### ASSIGNMENT
The part below that opens with the line containing "91 Tyler Road" and closes with the line containing "This is a view" should be copied exactly, minus any pictures.

### DATA UNDER STUDY
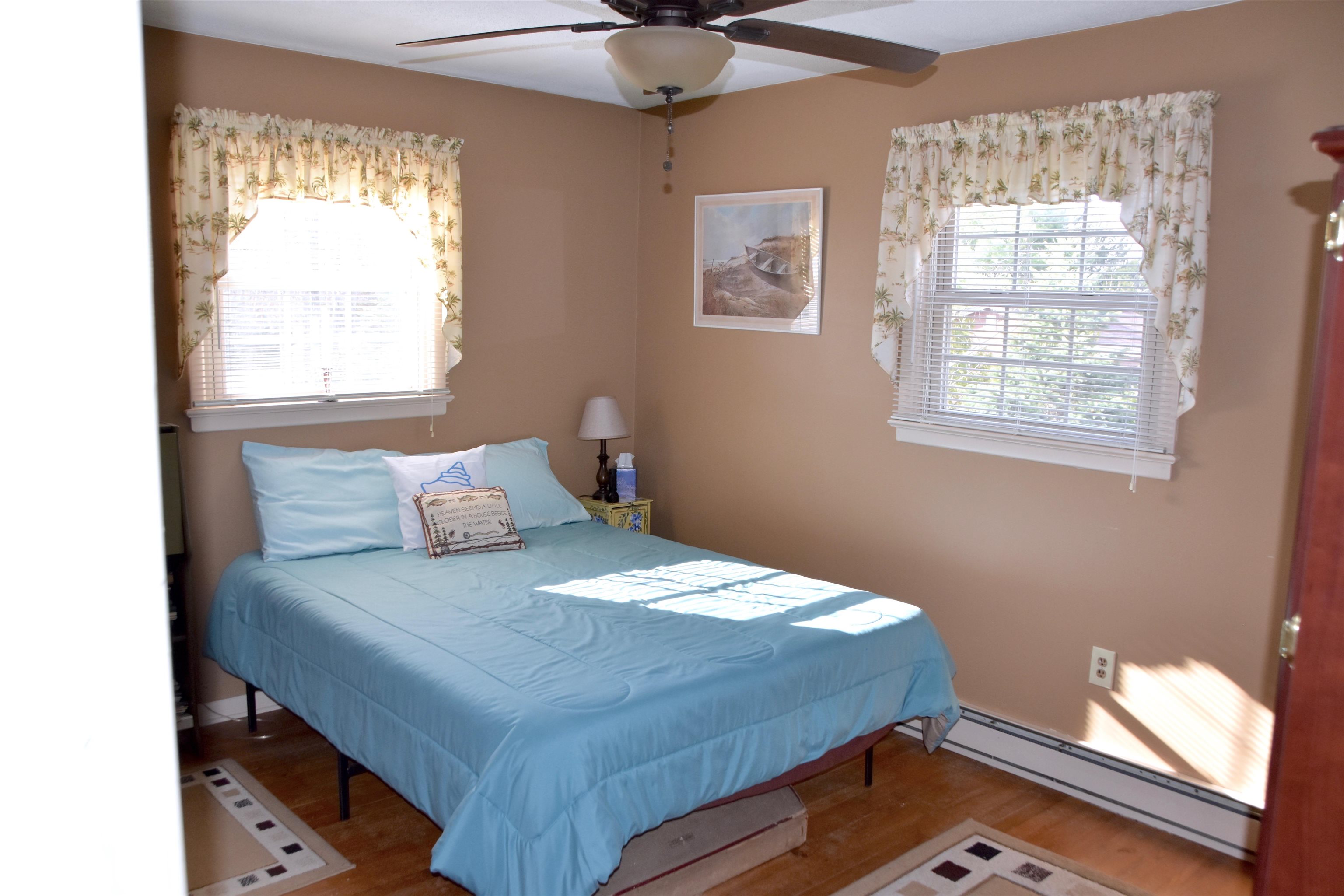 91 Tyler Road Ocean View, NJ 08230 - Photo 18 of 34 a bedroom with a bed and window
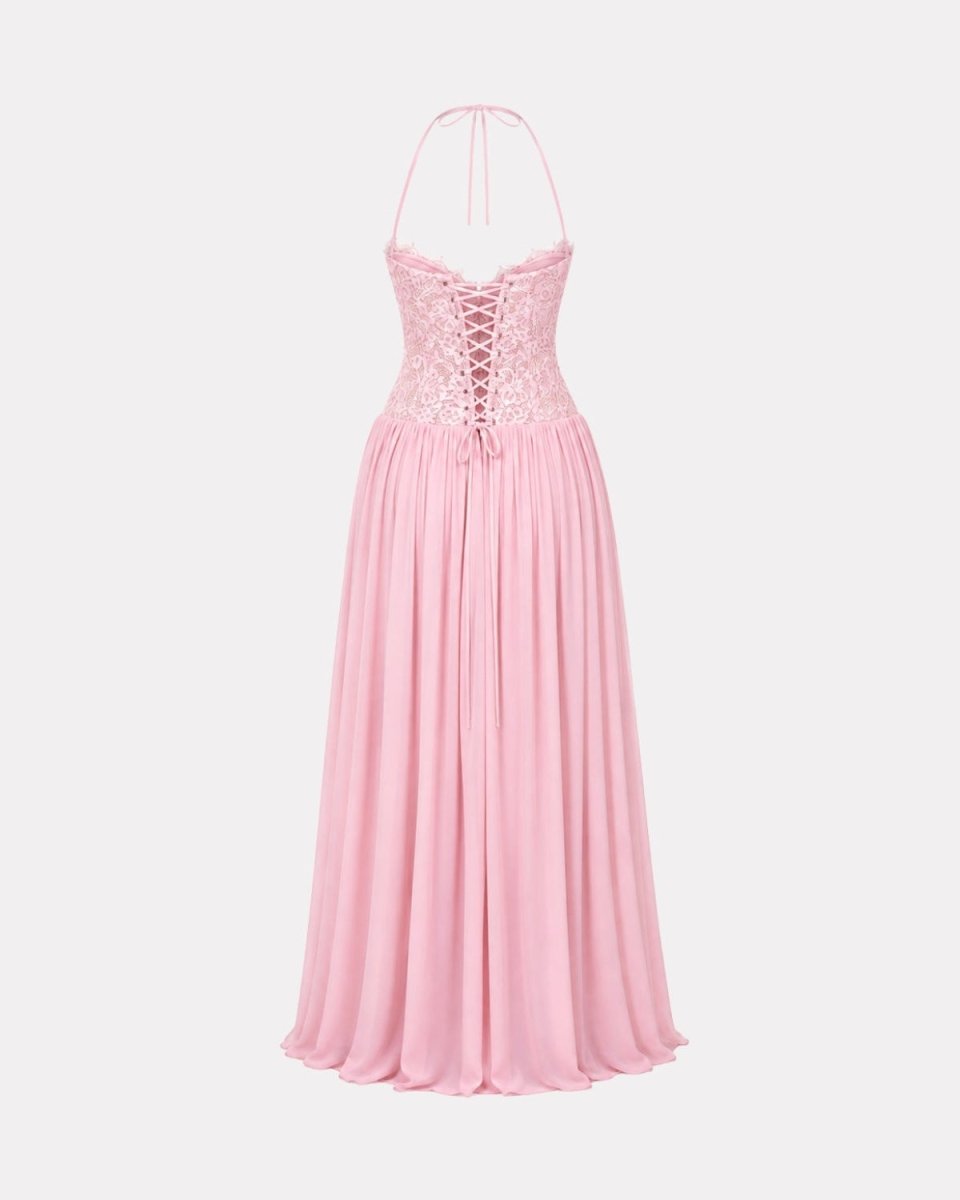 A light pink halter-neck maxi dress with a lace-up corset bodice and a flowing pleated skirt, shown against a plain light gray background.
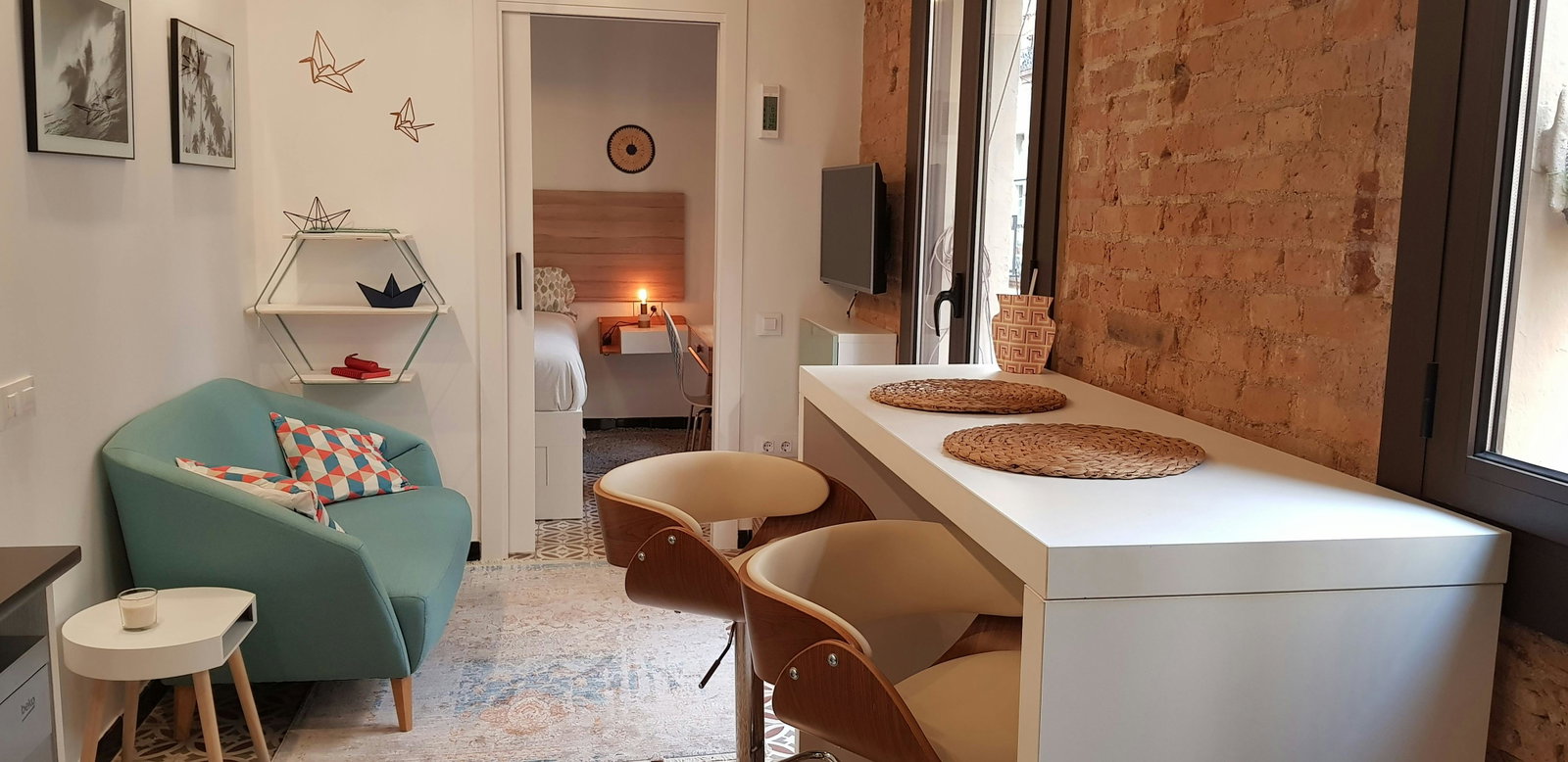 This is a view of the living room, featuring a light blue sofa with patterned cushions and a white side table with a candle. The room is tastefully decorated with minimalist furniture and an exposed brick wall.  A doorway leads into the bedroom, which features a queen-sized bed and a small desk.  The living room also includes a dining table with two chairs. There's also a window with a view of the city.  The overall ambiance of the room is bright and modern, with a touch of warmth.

* * *

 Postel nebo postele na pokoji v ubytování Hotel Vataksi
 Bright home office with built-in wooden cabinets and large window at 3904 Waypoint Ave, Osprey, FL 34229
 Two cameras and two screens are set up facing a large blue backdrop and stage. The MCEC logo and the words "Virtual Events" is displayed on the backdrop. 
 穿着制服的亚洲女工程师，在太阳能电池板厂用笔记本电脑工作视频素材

### RESPONSE
 91 Tyler Road Ocean View, NJ 08230 - Photo 18 of 34 a bedroom with a bed and window
 A light pink halter-neck maxi dress with a lace-up corset bodice and a flowing pleated skirt, shown against a plain light gray background.
 This is a view of the living room, featuring a light blue sofa with patterned cushions and a white side table with a candle. The room is tastefully decorated with minimalist furniture and an exposed brick wall.  A doorway leads into the bedroom, which features a queen-sized bed and a small desk.  The living room also includes a dining table with two chairs. There's also a window with a view of the city.  The overall ambiance of the room is bright and modern, with a touch of warmth.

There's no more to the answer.